= Penestae (tribe) =

Ancient illyrian tribe

The Penestae were an Illyrian tribe dwelling in southeastern Illyria, in an inland region that was called Penestia, which was located around the Black Drin valley north of Lake Ohrid, between present-day eastern Albania and western North Macedonia. They are firstly mentioned by ancient Roman historian Livy. They appear several times in Livy's accounts of the events concerning the Third Macedonian War (171–168 BC), which was fought between the Roman Republic and the Kingdom of Macedonia under Perseus. Their chief city was Uscana, most likely located in the valley of the Black Drin in the region of Dibra.

== Name ==

The tribe is mentioned only by Livy (1st century BC – 1st century AD) as Penestae (in Latin). They appear several times in Livy's accounts of the Third Roman-Macedonian War, which occurred in the early 2nd century BC.
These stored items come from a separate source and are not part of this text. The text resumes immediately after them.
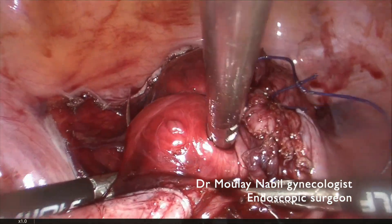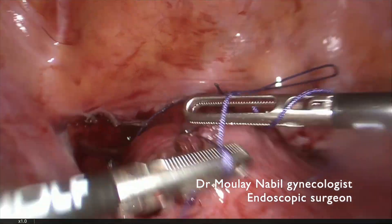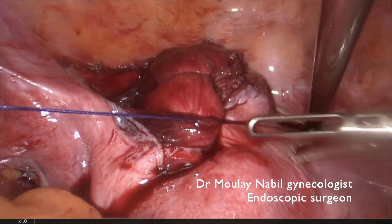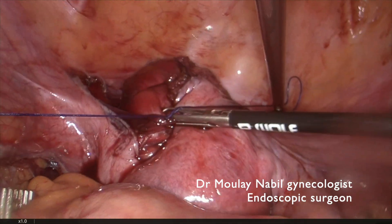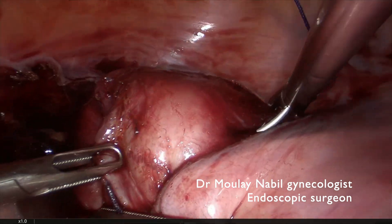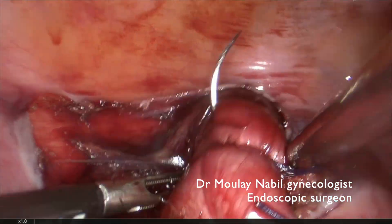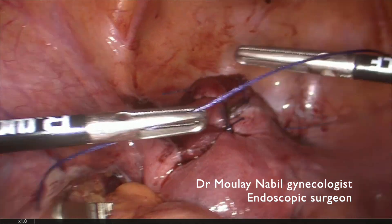The second knot is placed just 1 cm above the previous one — same technique: 2 cm outside the uterine scar, double flat knot, intracorporeal knotting technique. We tie the knot, invaginate the tissue, and the job is done. Now the third knot is placed just below the first one, same technique. It's mandatory to have a well-trained assistant for laparoscopic myomectomy to save time, as there are numerous sutures during this procedure.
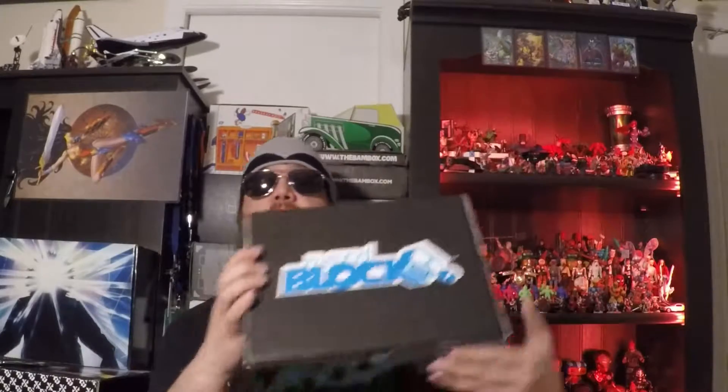Hey everybody, what's up, this is Turbo and welcome back to another Turbo unboxing. When I got back from my Thanksgiving break, I had several boxes in my mailbox — one of them was November's Nerd Block. I've grown to like this block a lot. It comes plastic-wrapped, which keeps it safe, and oftentimes there's a comic inside so it doesn't get wet. Plastic away — Nerd Block opening!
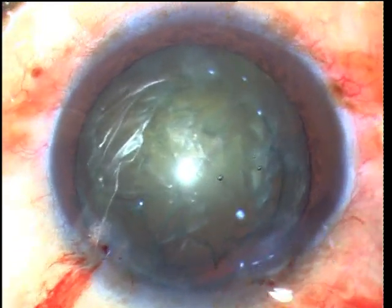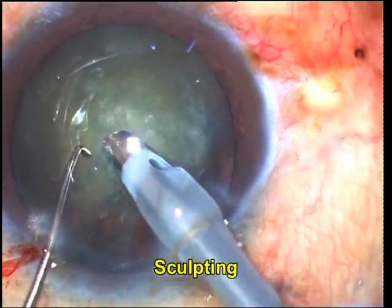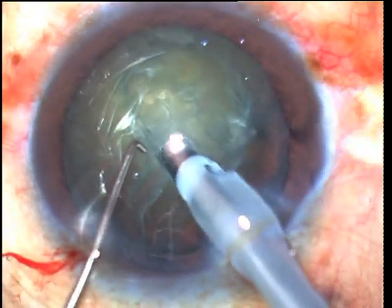The first groove is made starting above the center point of the nucleus, taking care not to engage the rim of the rhexis. The initial superficial sculpting is stopped short of the rhexis rim so as not to damage it.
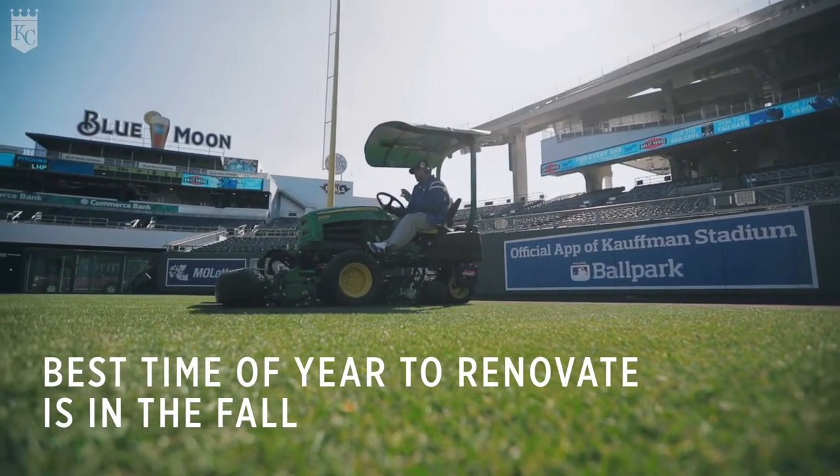The best time of the year to renovate is in the fall. It's a much better time to start implementing growing grass and rebuilding your field and getting it ready for the springtime.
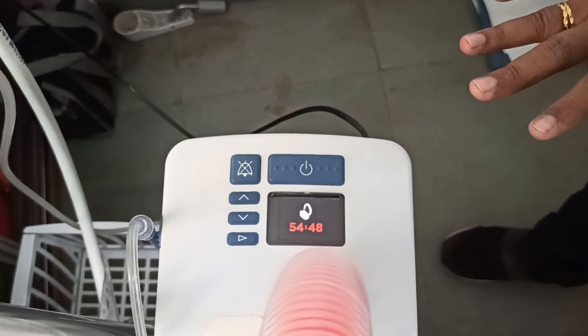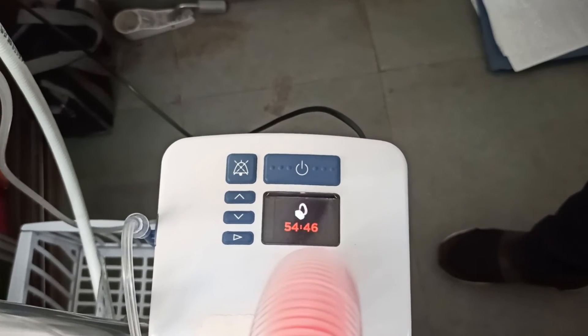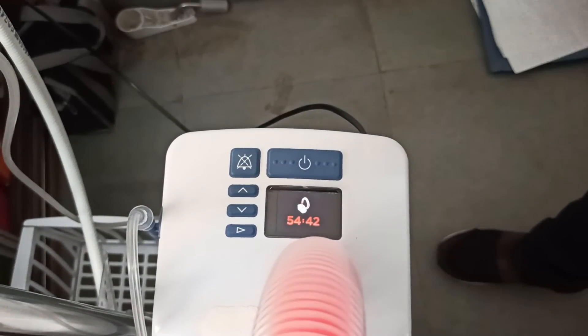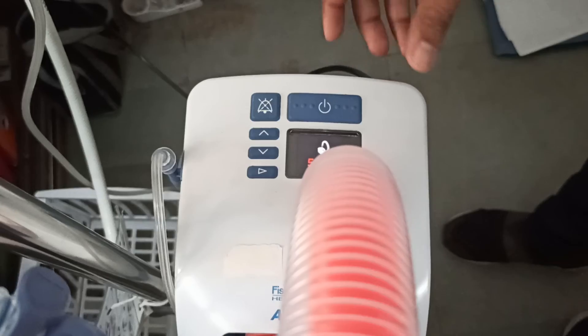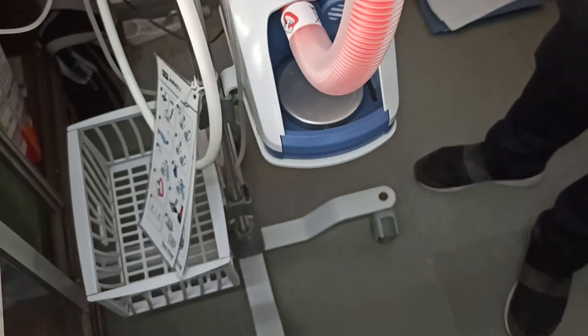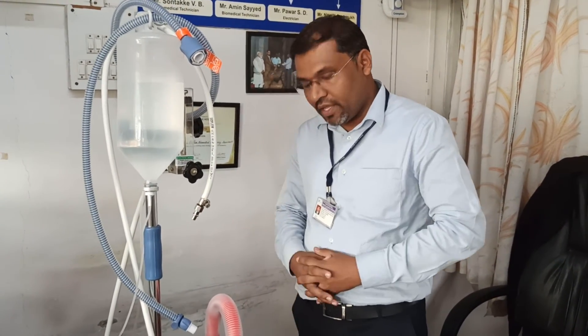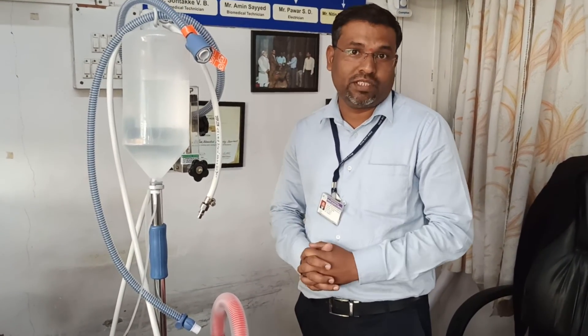Once the disinfection is completed, the machine will restart and you have to connect the humidifier and remaining accessories, and then you can use the machine for another patient. So this is the basic process regarding the disinfection of your AirVO2 HFNC machine. Thank you.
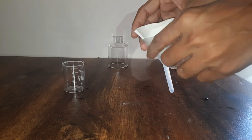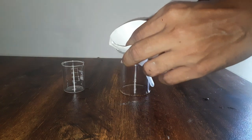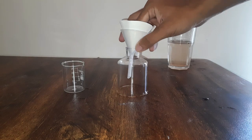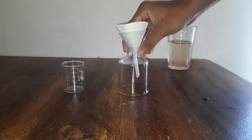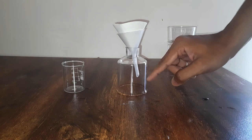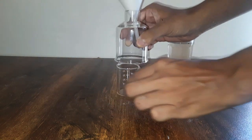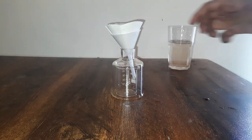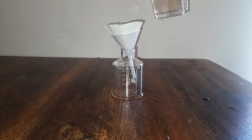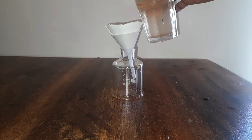Alright, this is good enough. Next, what we will do is hold this funnel in place — I am just going to place it like this — and keep an empty beaker below the other end of the funnel. Now I will pour this muddy water, this water with small sand particles, into this filter paper and wait for some time.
Based on the presence of the typical Illyrian suffix -st-, the name is considered to be Illyrian, such as Pirustae, for example. The name may also be connected to the Πενέσται (Penestai), a Thessalian social class, which can alternatively be considered a simple linguistic change of the Ancient Greek term Μενέσται (Menéstai, "those who remain"), as already pointed out by Archemachus of Euboea, or related to the Ancient Greek πένης (pénes, "poor").

== Geography ==

The tribe inhabited Penestia, an inland region in southeastern Illyria, located around the Black Drin valley north of Lake Ohrid. The Penestae were bordered by the Dassaretii and Parthini to the south, the Dardani to the north (from which they were separated by the Skardon (or Scardus) Mountains). In the east, the Penestae were neighboured by Ancient Macedonia. The nearby Stuberra (present-day Čepigovo) was used by Perseus of Macedon to access Uscana in Penestia from the south-east. The westernmost territory of the Penestae extended to the domains of the Labeatae.

=== Settlements ===
The chief settlement of the Penestae was Uscana, most likely located in the valley of the Black Drin in the region of Dibra. The territory of the Penestae appears to have been densely populated, because Livy mentions the existence of eleven fortified settlements, in addition to Uscana, Draudacum and Oaeneum, the latter being a strategically important settlement on the route to the tribal region of the Labeatae, over which Gentius ruled. Draudacum and Oaeneum lied within the Pollog Valley region, which was inhabited and ruled by both the Penestae and the Dardanians.

== History ==
In Livy's accounts of the Third Macedonian War, which was fought between the Roman Republic and the Kingdom of Macedon in the years 171–168 BC, the Penestae are not considered part of the realm of the Illyrian king Gentius. During the that war the Penestae, alongside the Parthini, remained loyal to Rome.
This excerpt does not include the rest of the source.